Today, we got a reminder that there’s still plenty of worse than expected news out there and Wachovia dumped it all in one dose.
It wasn’t too long ago that Wachovia seemed like the little bank that could. It outgrew its regional base in North Carolina and expanded fast. In the second quarter a year ago, it earned $2.25 billion.
One housing bust and a subprime crisis later though, it seems that growth was a tad too fast, as Marketplace’s John Dimsdale reports.
John Dimsdale: Two years ago, Wachovia bought a high-flying California bank, Golden West. To keep growing, Wachovia needed to move west and Golden West was cashing in on a wave of adjustable-rate subprime mortgages.

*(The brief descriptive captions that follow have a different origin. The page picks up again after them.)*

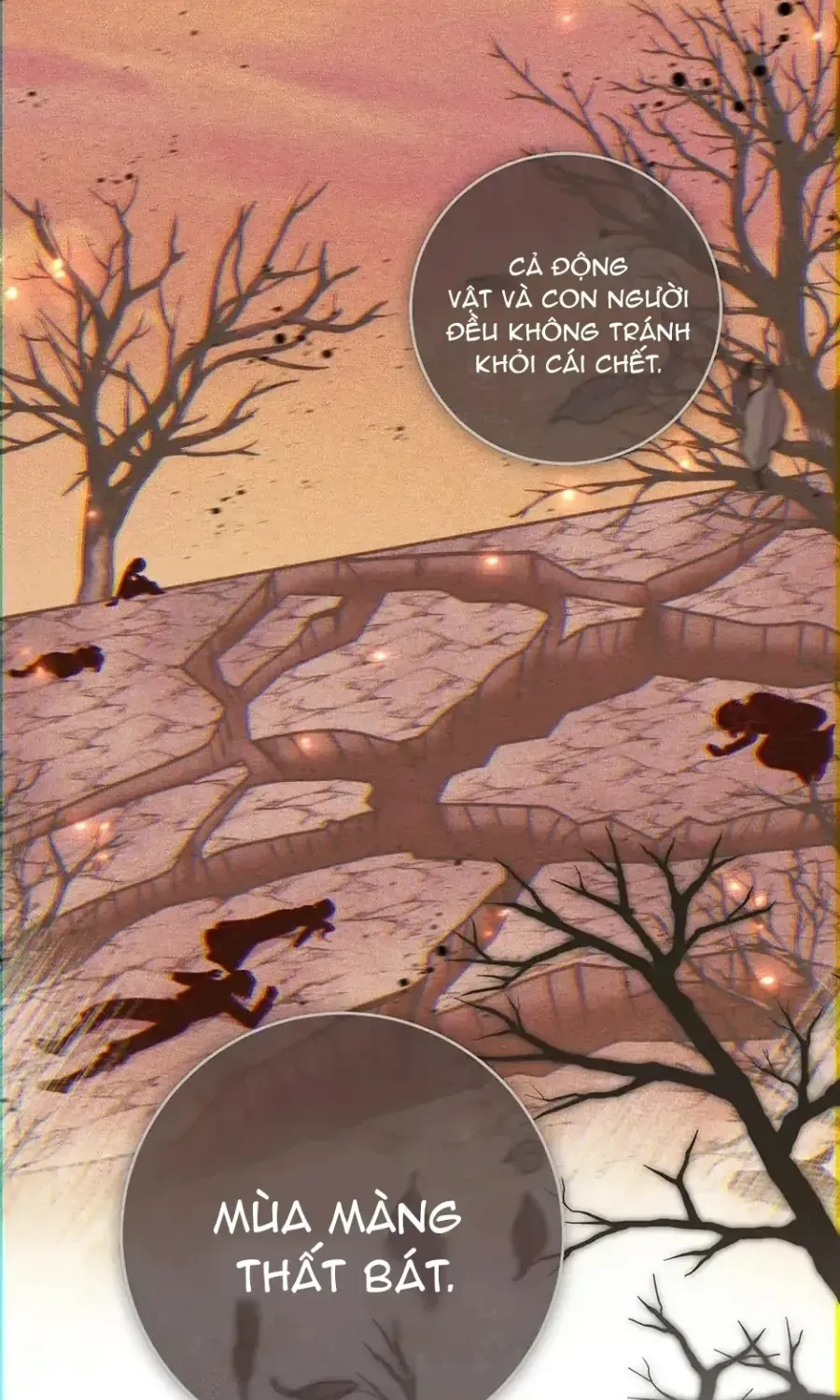 Trở Thành Bạn Thời Thơ Ấu Của Nam Phụ Ám Ảnh Chap 40 - Next Chap 41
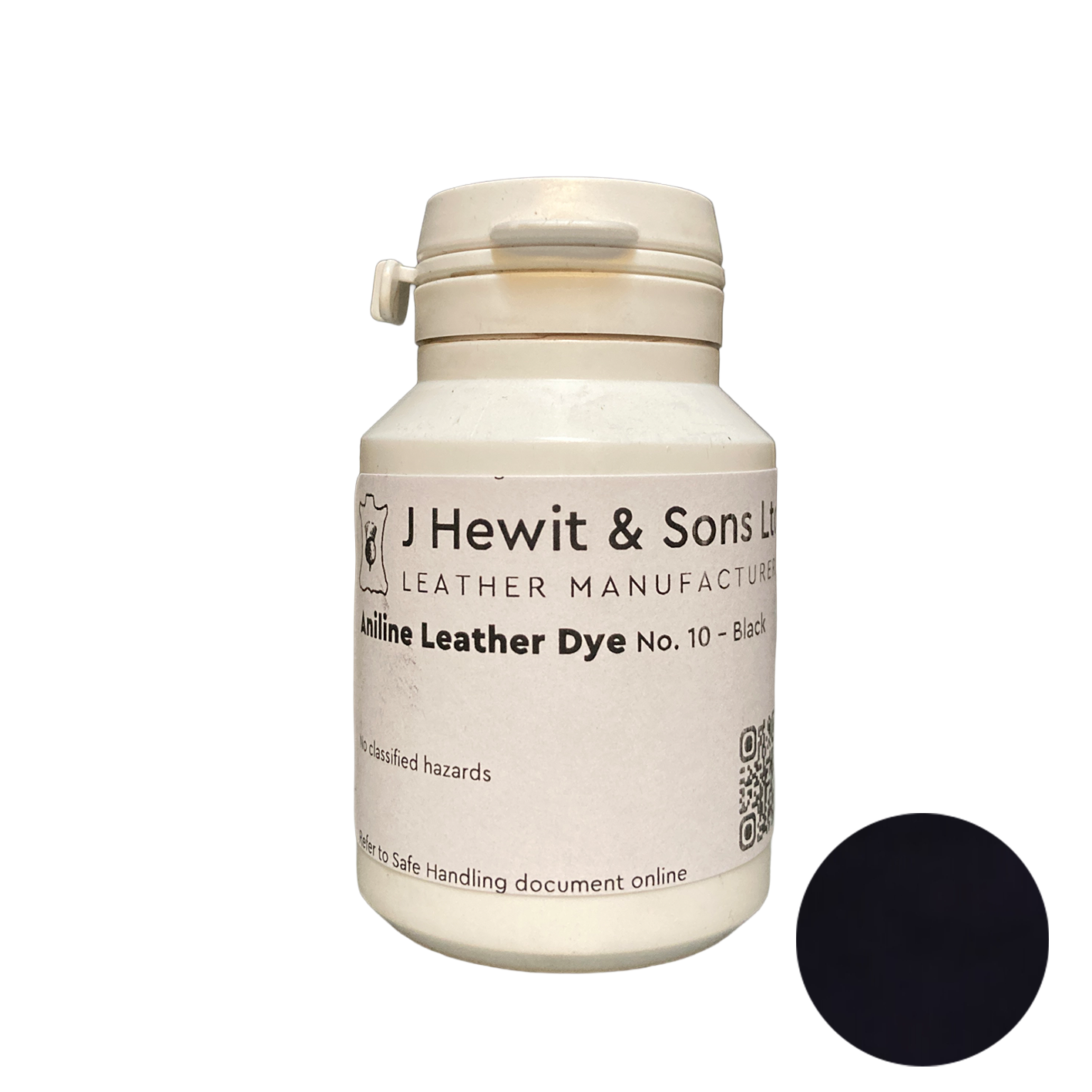 Aniline Leather Dye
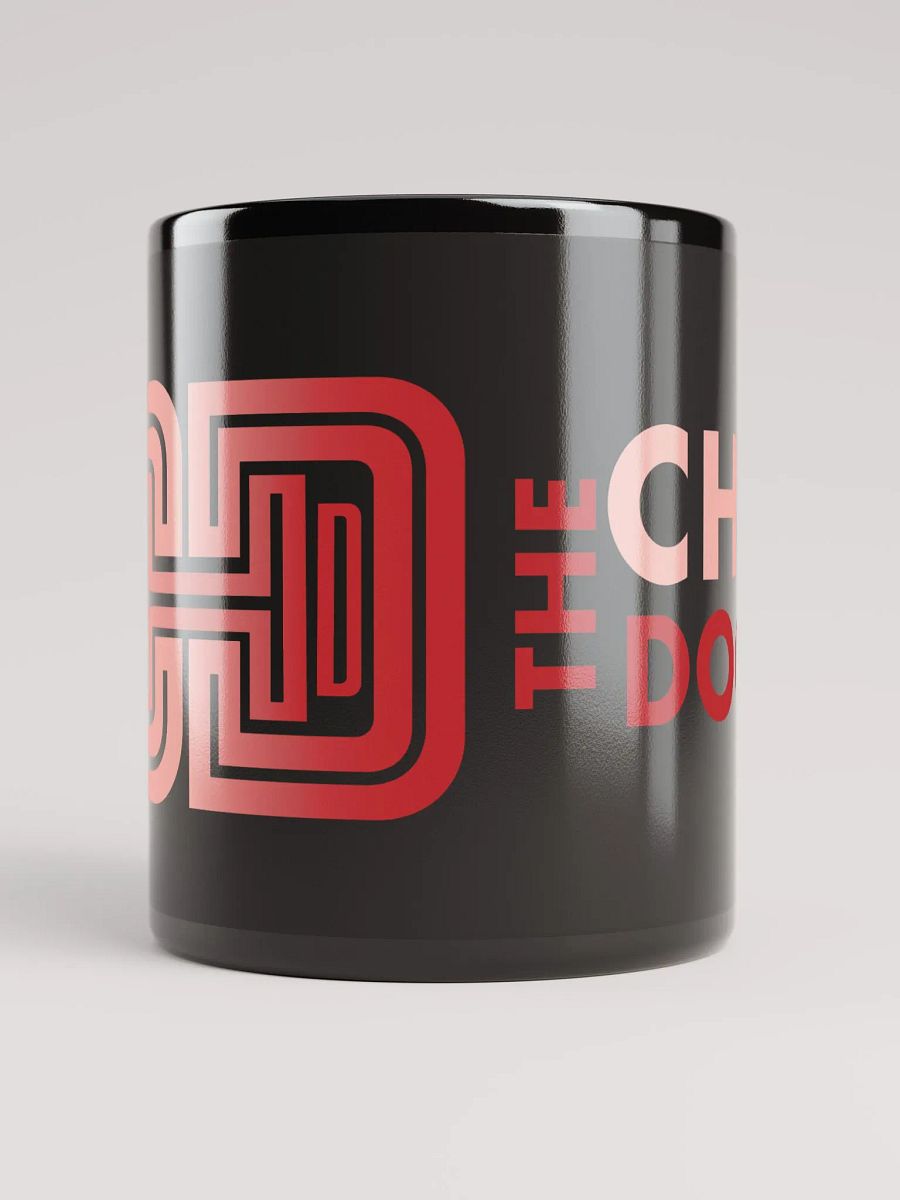 The Cheer Doctor Gradient Mug product image (5)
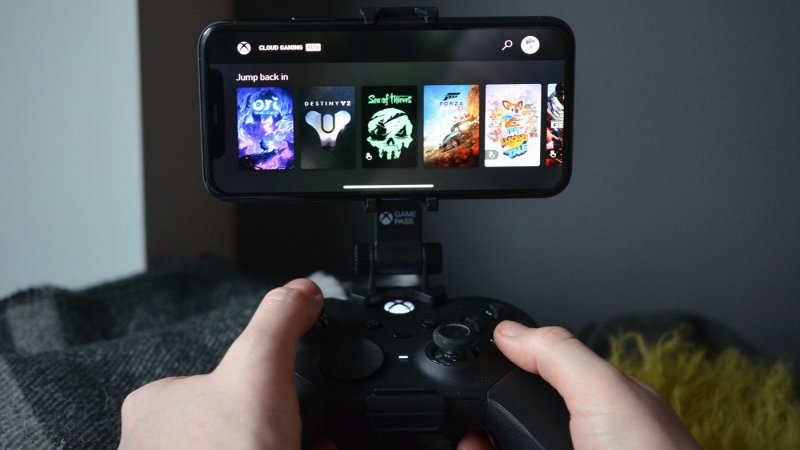 Arriverà il momento in cui il cloud gaming sarà assolutamente ineccepibile? Arriverà il momento in cui il cloud gaming sarà assolutamente ineccepibile?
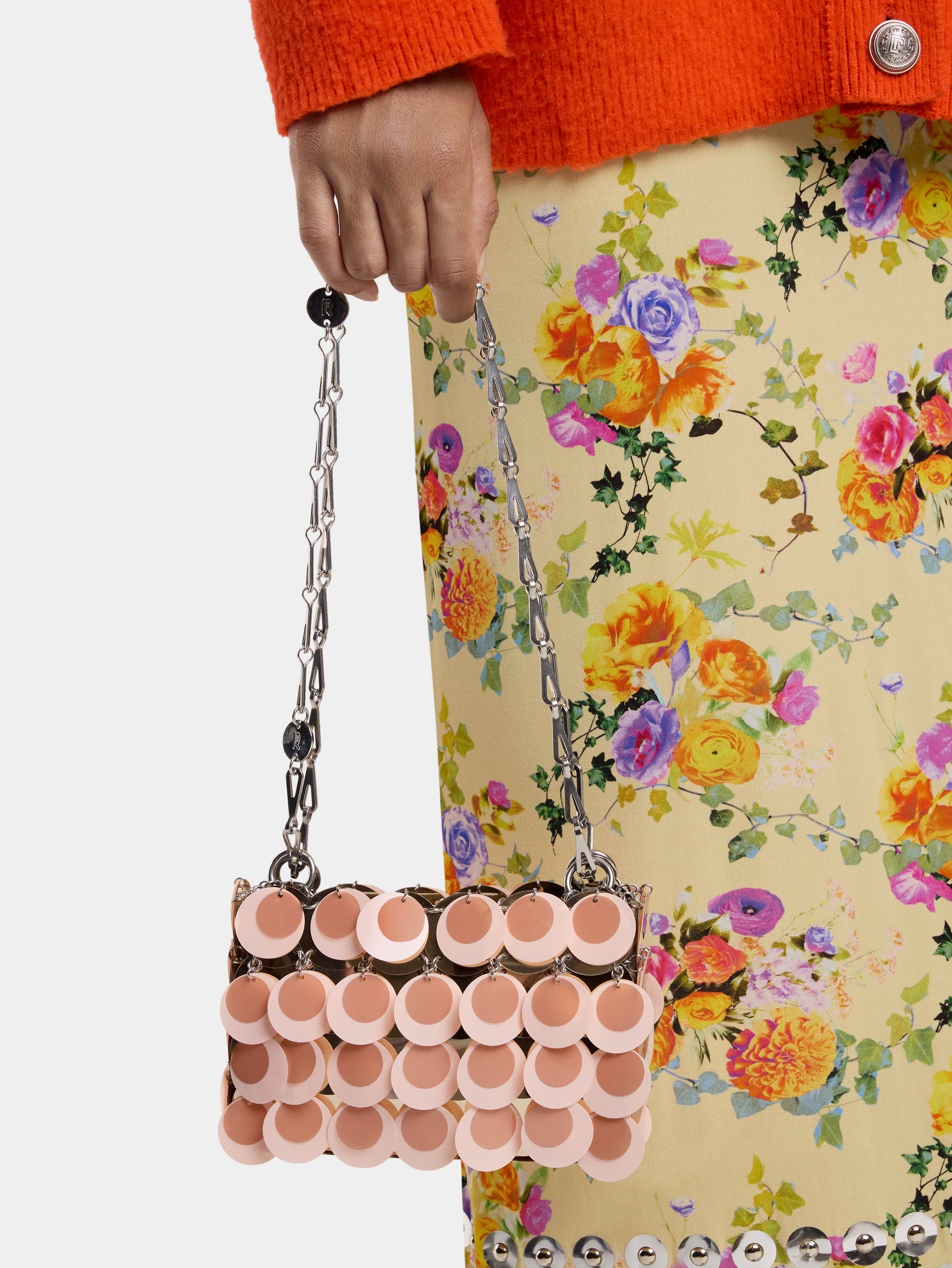 SPARKLE NANO BAG - 3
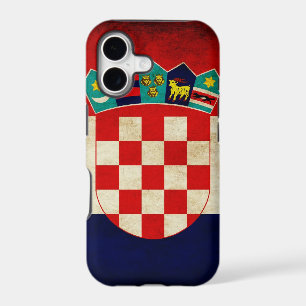 Croatia Flag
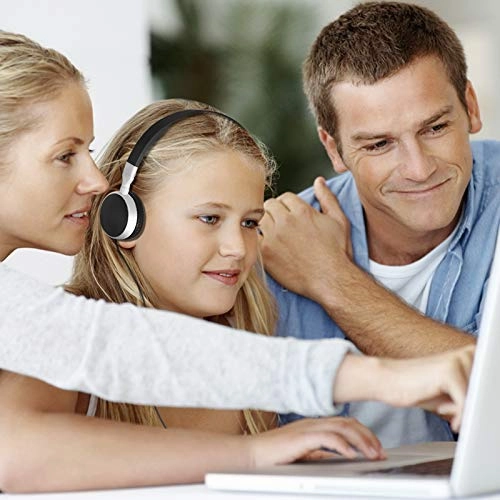 KW-X10 Wired Headphone 10 Pack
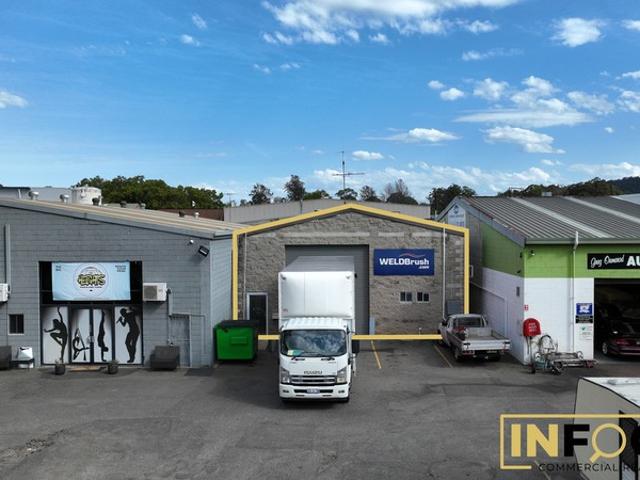Warehouse for rent in Sydney, New South Wales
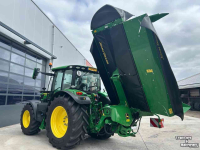 Mähwerk John Deere R350R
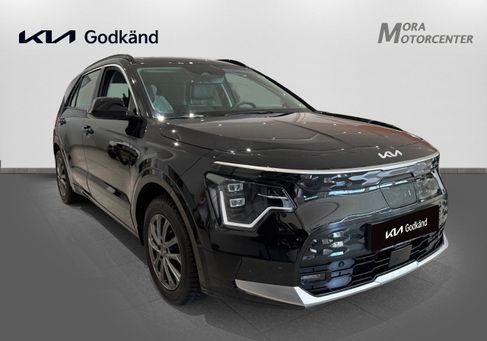 Kia Niro, 2023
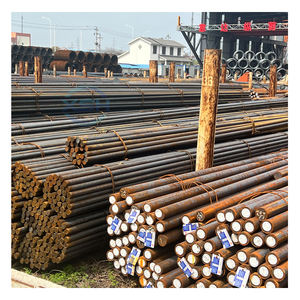 قضيب صلب من Sae <span class=keywords><strong>1006</strong></span> من نوع Ms مصنوع من الصلب المطاطي المتمرد منخفض الكربون ومقاوم للتآكل - Product Image 2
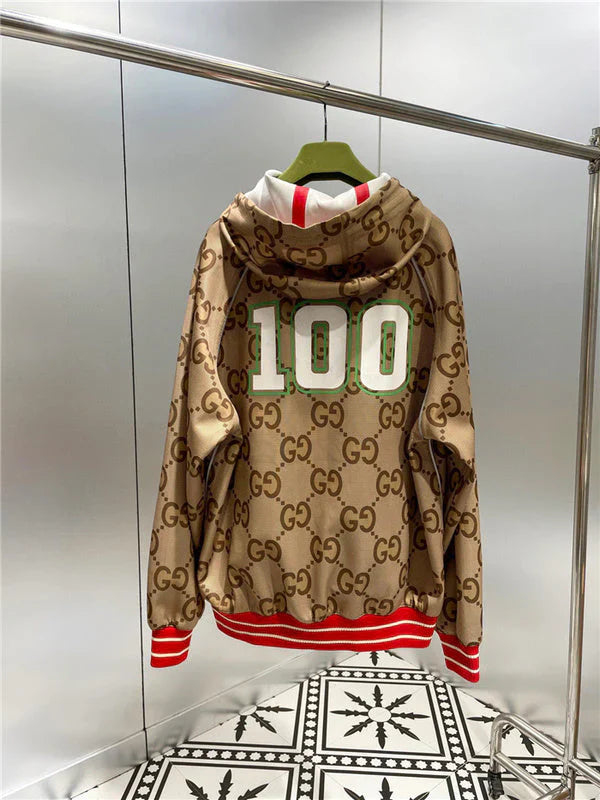 GUCCI TRACKSUIT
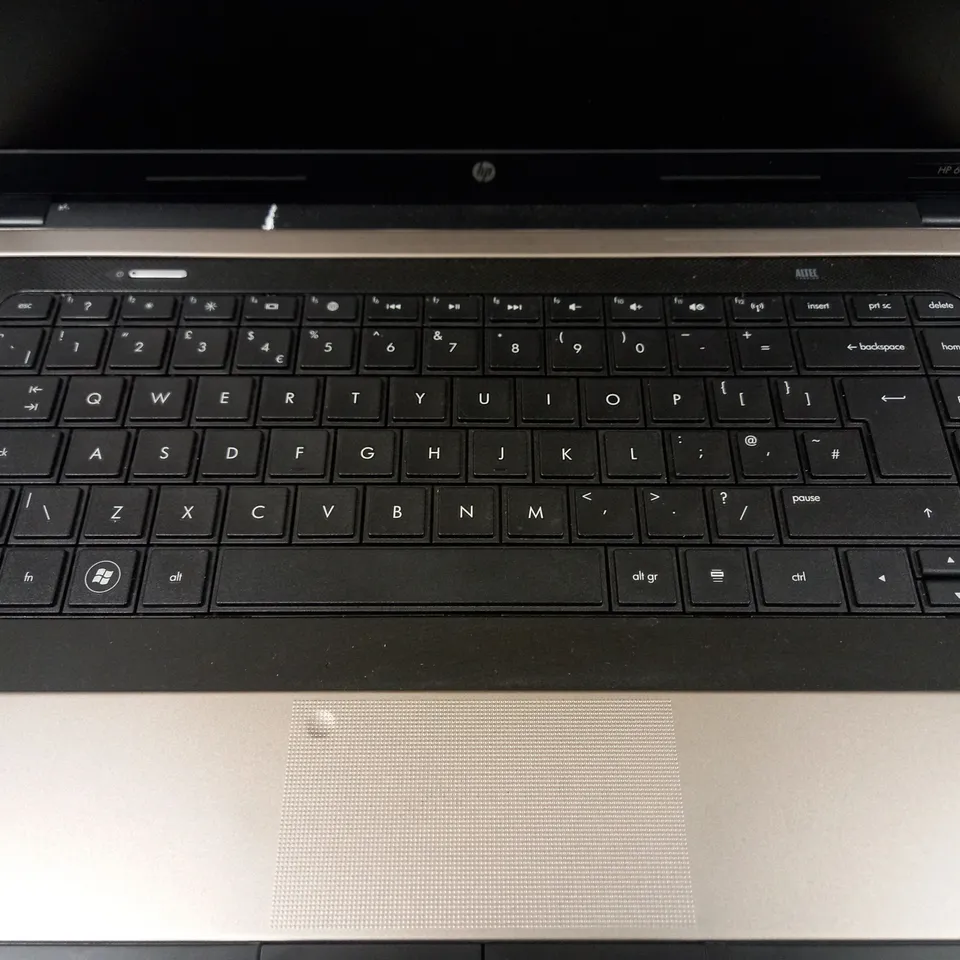 HP 630 NOTEBOOK PC LAPTOP IN SILVER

Now, banking consultant Bert Ely says Wachovia is stuck with billions of Golden West’s bad loans.
Bert Ely: Wachovia paid too much for it and bought right at the peak of the housing market and then they’re also experiencing the same kind of credit problems generally that a lot of other companies are, but their results have been clearly made worse by that acquisition two years ago of Golden West.
Wachovia announced it will slash its stock dividend by nearly 90 percent and lay off more than 6,000 employees. Wachovia’s stock price took an early hit, but recovered later in the day.
Investment manager Bernie McGinn thinks that’s because investors realized Wachovia’s red ink was mostly due to subprime mortgages, not checking accounts or credit cards.
Bernie McGinn: Subprime mortgages aren’t the only business these guys do. There are other businesses that are profitable that help them out.
Mike Miller is CEO of Community One Bank in Ashboro, North Carolina. He says smaller regional banks like his are more insulated than a fast growing Wachovia. And his didn’t deal in subprime mortgages.
Mike Miller: That’s a totally different part of the food chain than the commercial bank, community bank that you see on Main Street.
Wachovia also announced it won’t do any more business with mortgage brokers, those freelancers who brought in most of the bank’s subprime mortgages. Only its own staff will sell mortgages now.
In Washington, I’m John Dimsdale for Marketplace.